Compartimos su escudo episcopal gracias al tantas veces mentado libro de José Luis Batres, "Obispos de la Argentina". Nos encontramos con un escudo de forma francesa antigua, cuartelado, que lleva perfilados de plata tanto la boca del escudo como cada campo.
Primero de plata, lleva un orbe, sumado de un Ojo de Dios a su vez sumado de una cruz cristiana de oro. Segundo de sinople, una lámpara de aceite de oro, con una llama de fuego al natural saliendo de su pico. Tercero de gules, dos peces de oro y una canasta con panes al natural. Cuarto de oro, una paloma de plata volando en descenso.

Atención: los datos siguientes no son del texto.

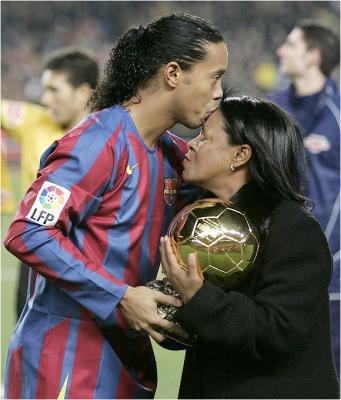 ronaldinho et sa mére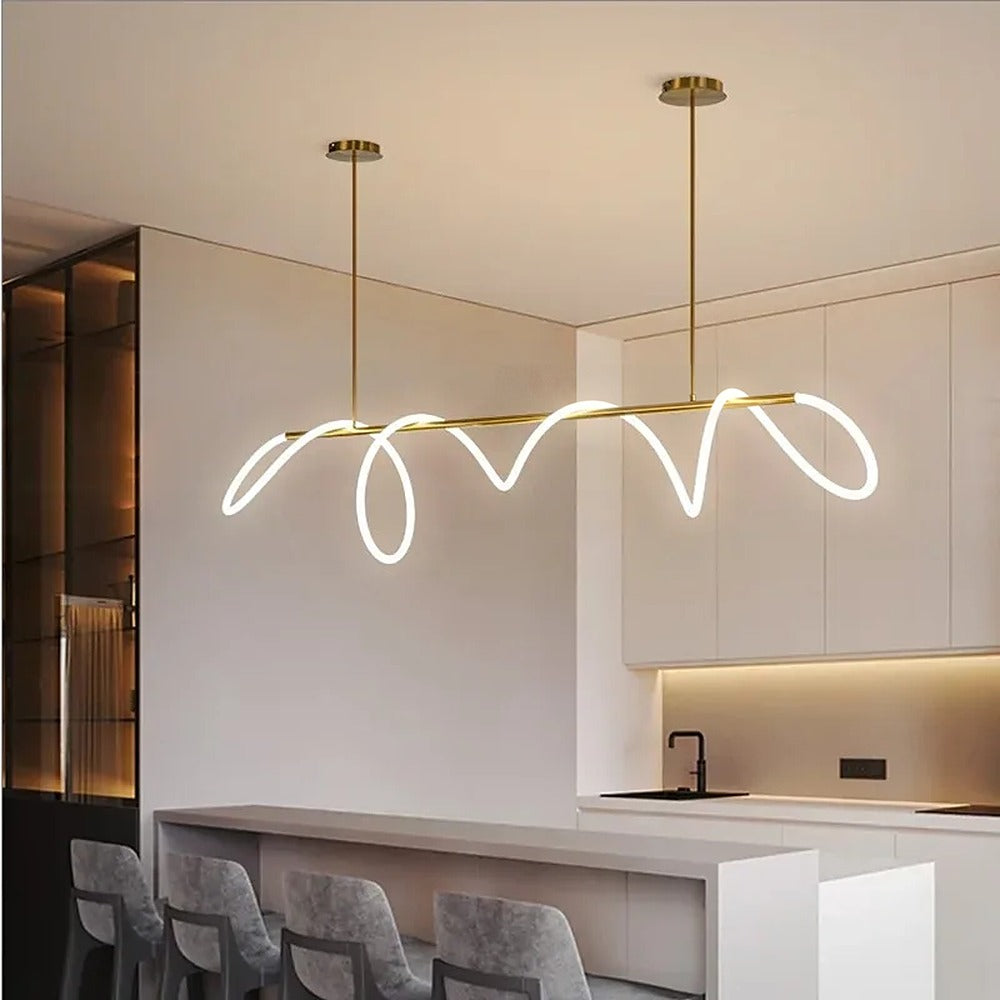 Suspension LED tube lumineux en boucles, doré ou noir – Scilla dans un intérieur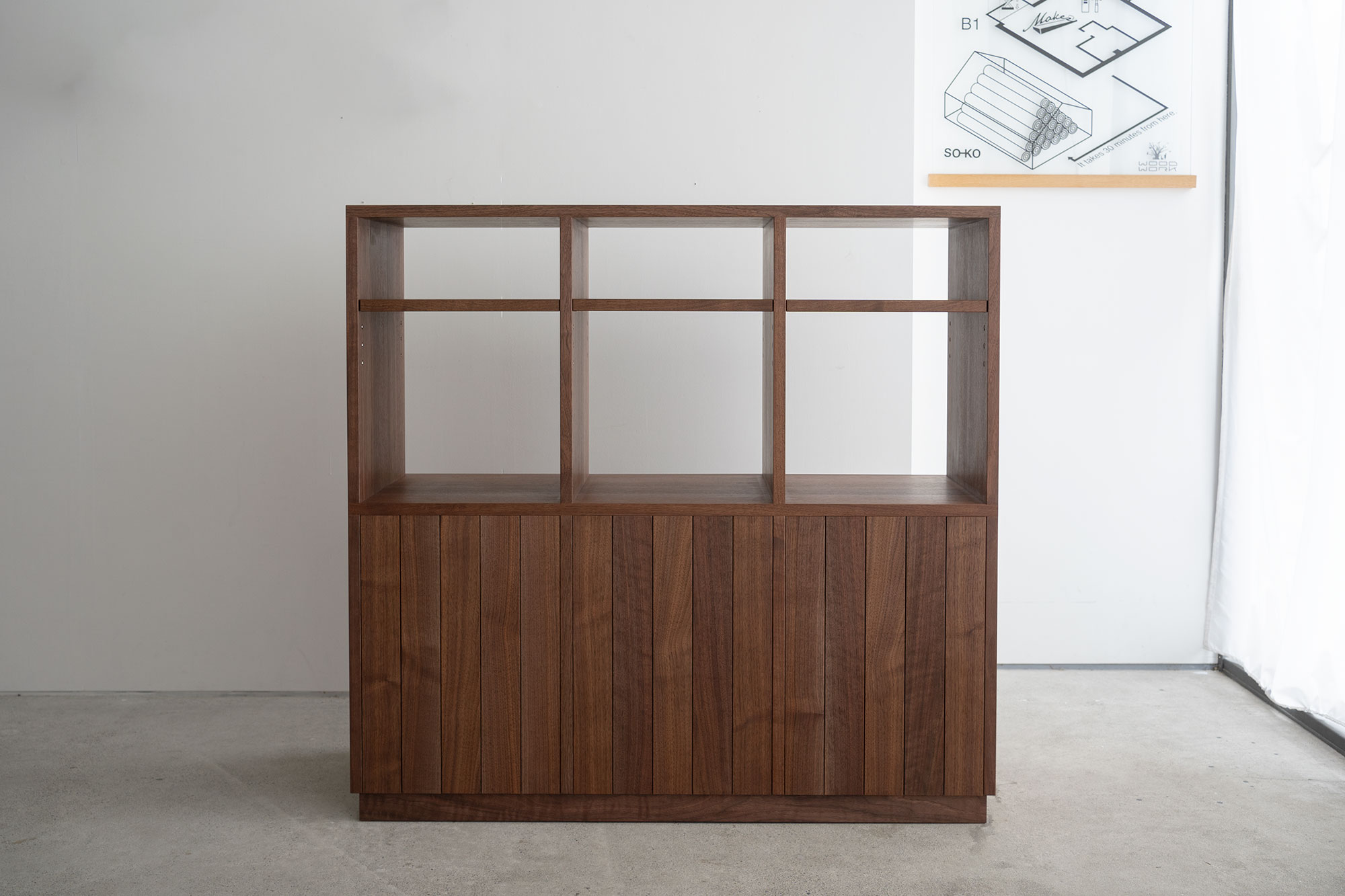 ウォールナット材でつくるオーダー家具、TANA収納棚│オーダー家具と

No es difícil identificar el significado de estos símbolos cristianos usados en el escudo de monseñor Gallardo Heredia.
El escudo lleva galero episcopal de sinople y un báculo acolado en palo.
En cuanto al lema, se trata de una célebre frase de San Pablo, pronunciada en el Areópago de Atenas. Transcribimos en primer lugar el discurso del Apóstol, completo, resaltando con negrita la frase específica que forma el lema episcopal:
«Atenienses, veo que ustedes son, desde todo punto de vista, los más religiosos de todos los hombres.
En efecto, mientras me paseaba mirando los monumentos sagrados que ustedes tienen, encontré entre otras cosas un altar con esta inscripción: «Al dios desconocido». Ahora, yo vengo a anunciarles eso que ustedes adoran sin conocer.
El Dios que ha hecho el mundo y todo lo que hay en él no habita en templos hechos por manos de hombre, porque es el Señor del cielo y de la tierra.
Tampoco puede ser servido por manos humanas como si tuviera necesidad de algo, ya que él da a todos la vida, el aliento y todas las cosas.
Él hizo salir de un solo principio a todo el género humano para que habite sobre toda la tierra, y señaló de antemano a cada pueblo sus épocas y sus fronteras, para que ellos busquen a Dios, aunque sea a tientas, y puedan encontrarlo. Porque en realidad, él no está lejos de cada uno de nosotros.
En efecto, en él vivimos, nos movemos y existimos, como muy bien lo dijeron algunos poetas de ustedes: «Nosotros somos también de su raza».
Y si nosotros somos de la raza de Dios, no debemos creer que la divinidad es semejante al oro, la plata o la piedra, trabajados por el arte y el genio del hombre.
Pero ha llegado el momento en que Dios, pasando por alto el tiempo de la ignorancia, manda a todos los hombres, en todas partes, que se arrepientan.
Porque él ha establecido un día para juzgar al universo con justicia, por medio de un Hombre que él ha destinado y acreditado delante de todos, haciéndolo resucitar de entre los muertos».
El lema episcopal, en efecto, es la frase "In ipso enim vivimus et movemur et sumus": "En él vivimos, nos movemos y existimos".